Brief descriptive captions:
####################

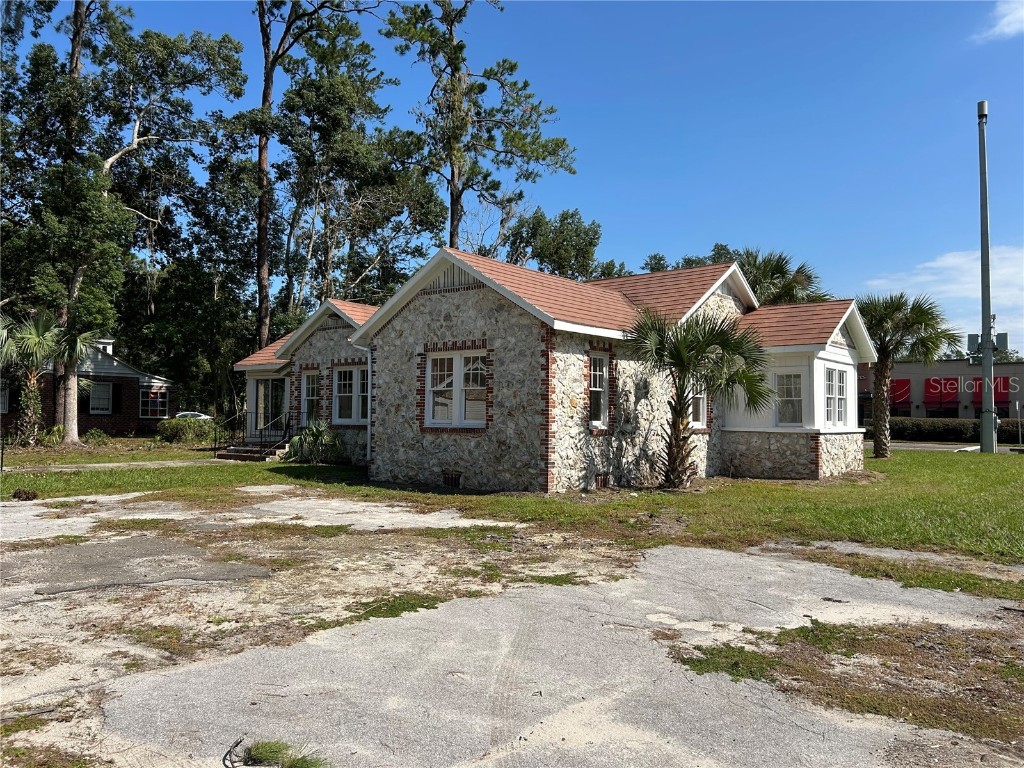 1008 NW 13th Street Gainesville FL 32601 GC525756 image4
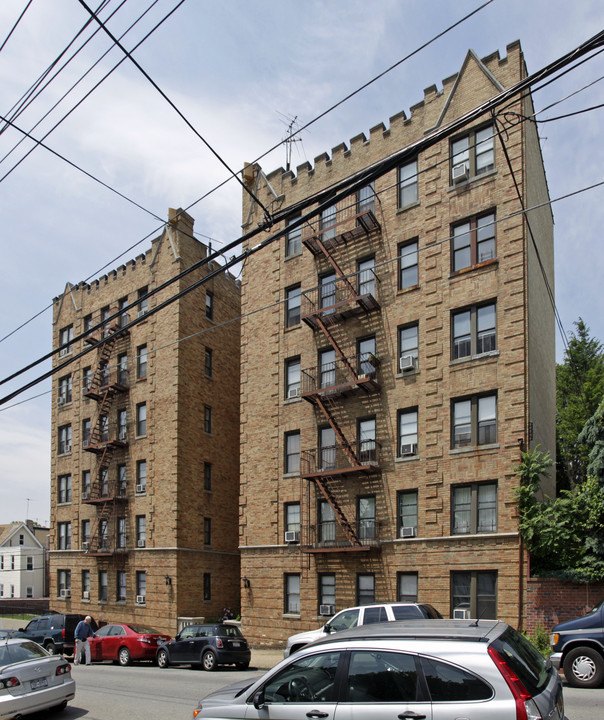 9-15 Glover Ave in Yonkers, NY - Building Photo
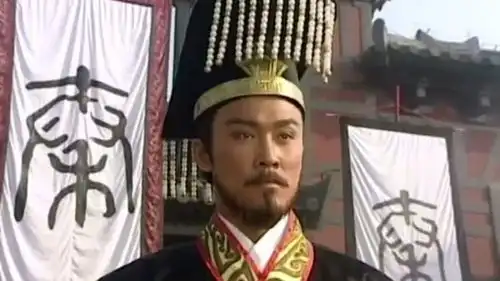 秦始皇焚书坑儒竟然是为了此人
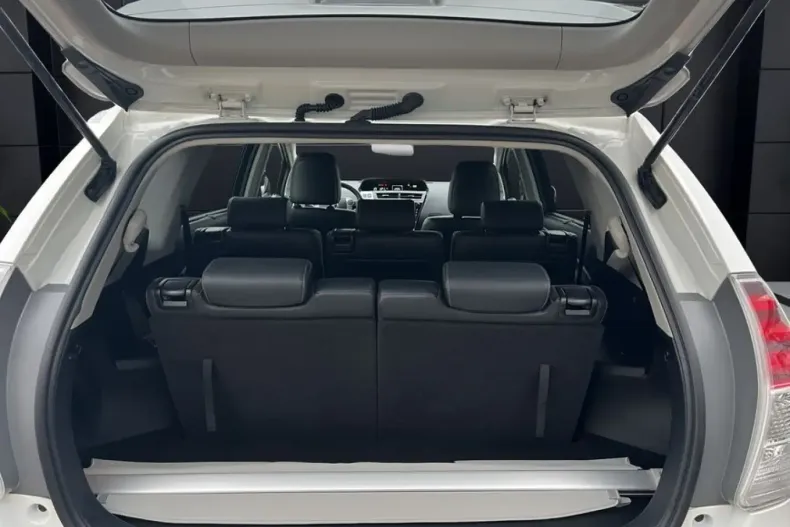 Toyota Prius+ din 2020 cu 52.982 km - oferta TOY110762 - foto 6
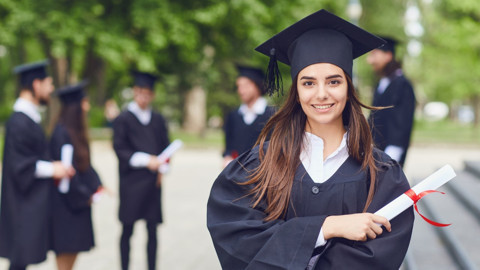 OXFORD'U BİLE YAKALADI! Vakıf Üniversitelerinde fiyatlar dudak uçuklattı: 3.7 milyona üniversite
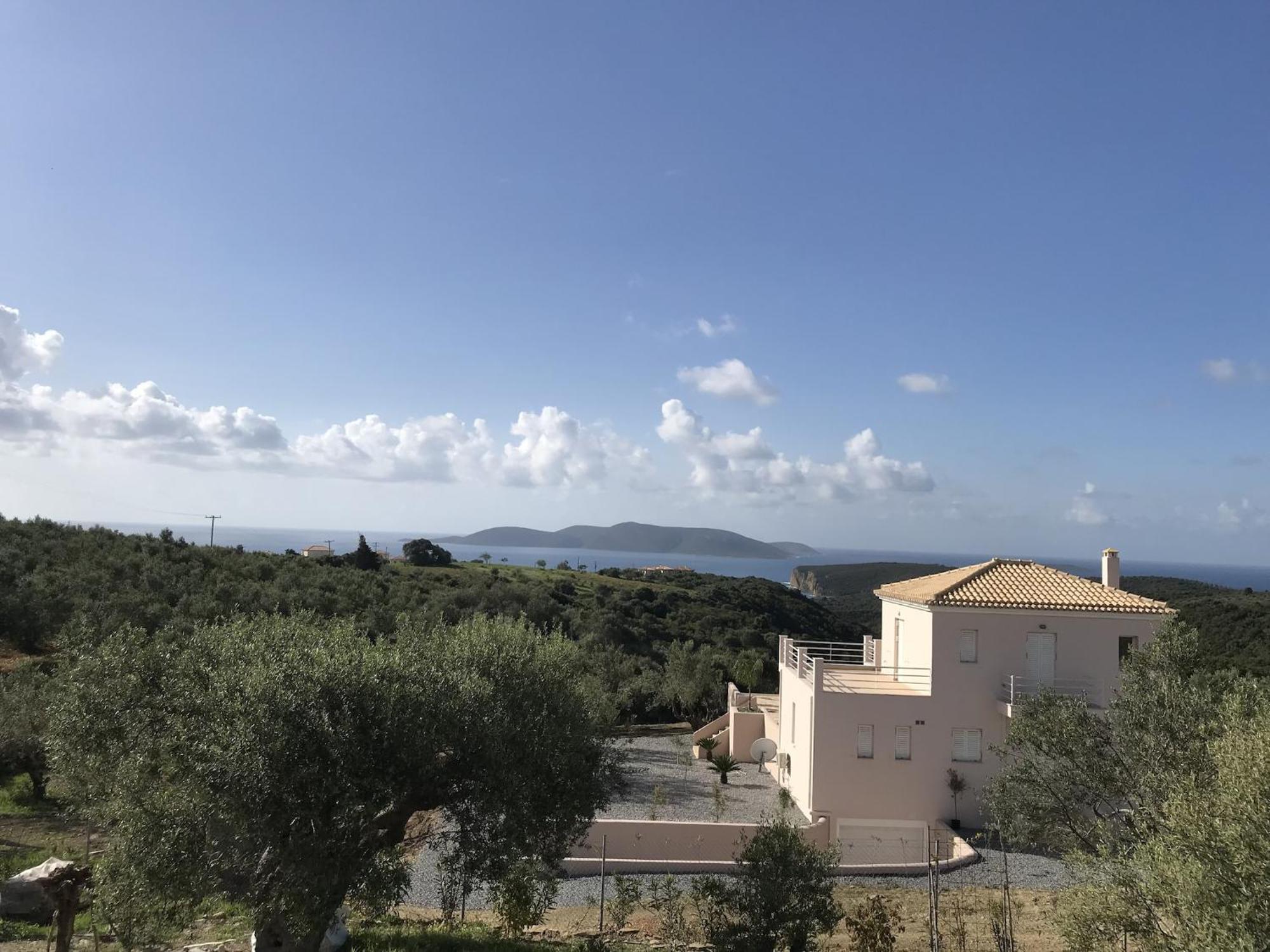 Luxurious Villa In Peloponnese With Swimming Pool Kamária Exteriör bild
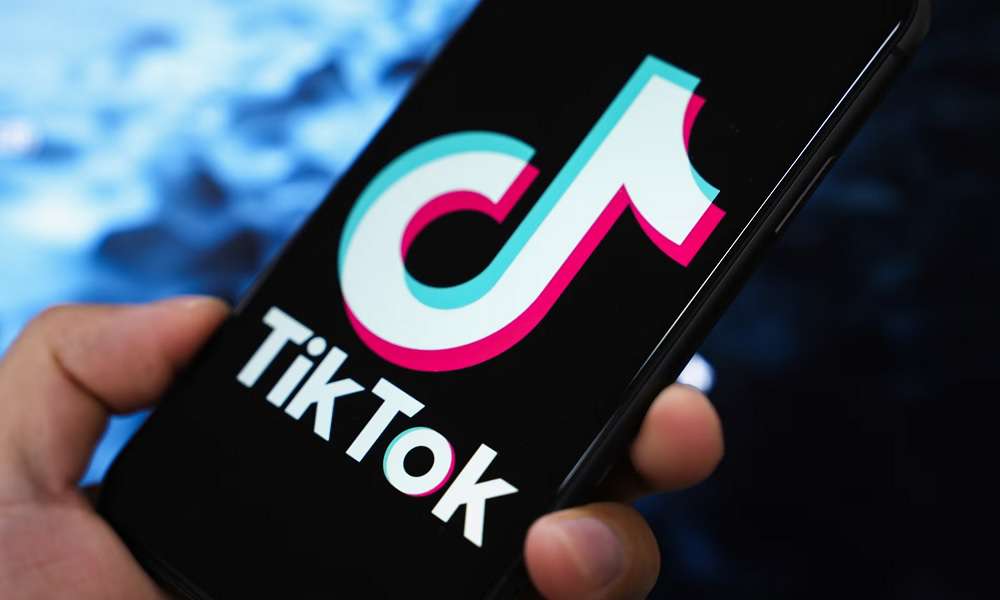 French government launches crackdown on TikTok's #SkinnyTok trend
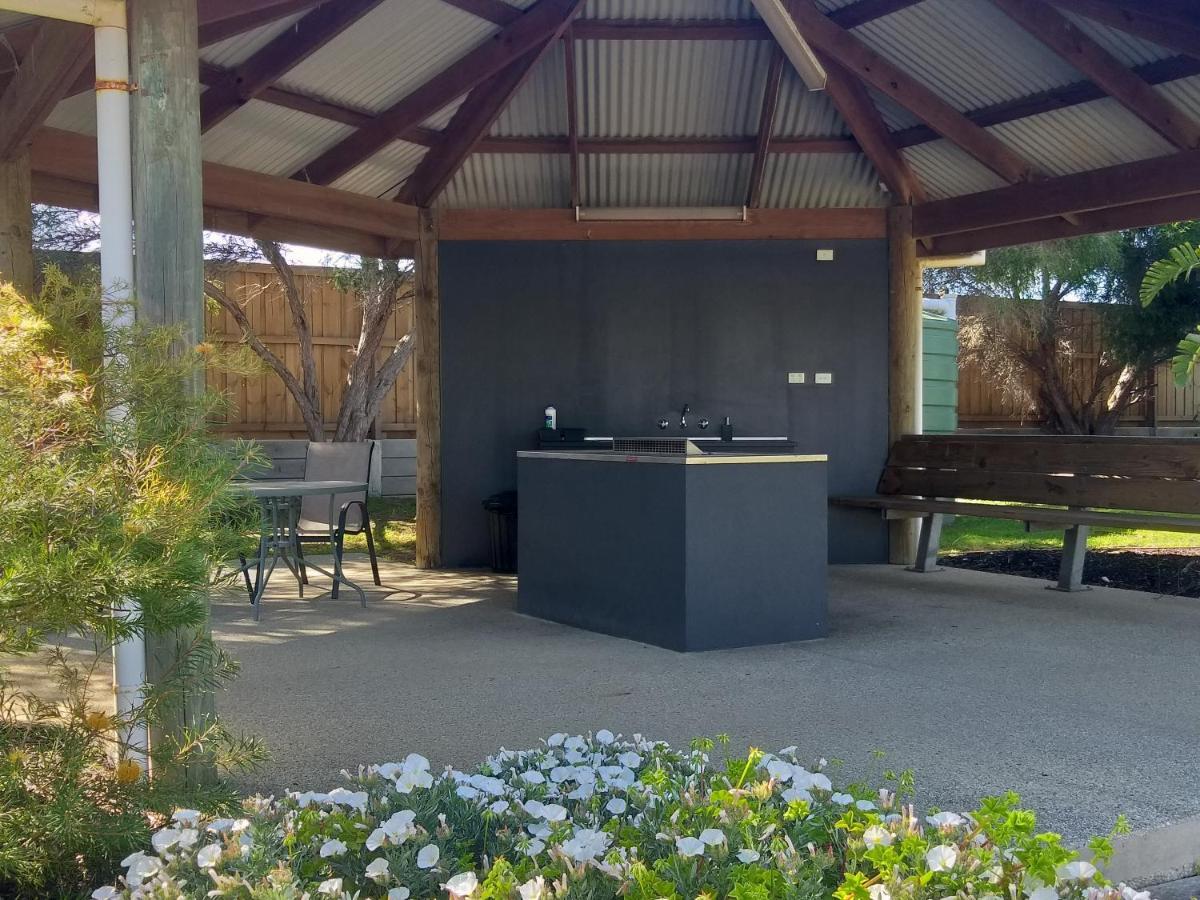 קאווס Island Cove Villas מראה חיצוני תמונה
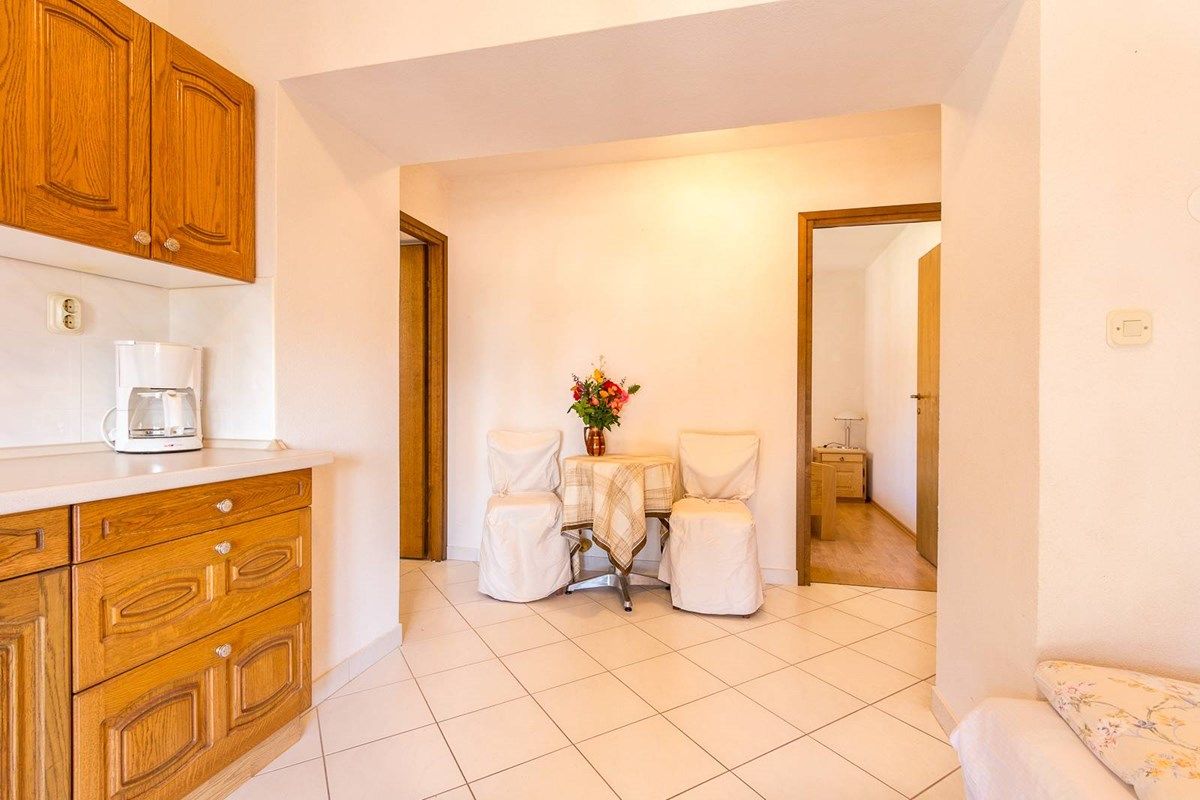 Apartment House Vjera 76011-A3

####################

PROBLEM TO WORK ON >>
May I have only the lines from the start of the data through the line containing "OXFORD'U BİLE YAKALADI!", both included, reproduced exactly and without the pictures?

ANSWER >>
 1008 NW 13th Street Gainesville FL 32601 GC525756 image4
 9-15 Glover Ave in Yonkers, NY - Building Photo
 秦始皇焚书坑儒竟然是为了此人
 Toyota Prius+ din 2020 cu 52.982 km - oferta TOY110762 - foto 6
 OXFORD'U BİLE YAKALADI! Vakıf Üniversitelerinde fiyatlar dudak uçuklattı: 3.7 milyona üniversite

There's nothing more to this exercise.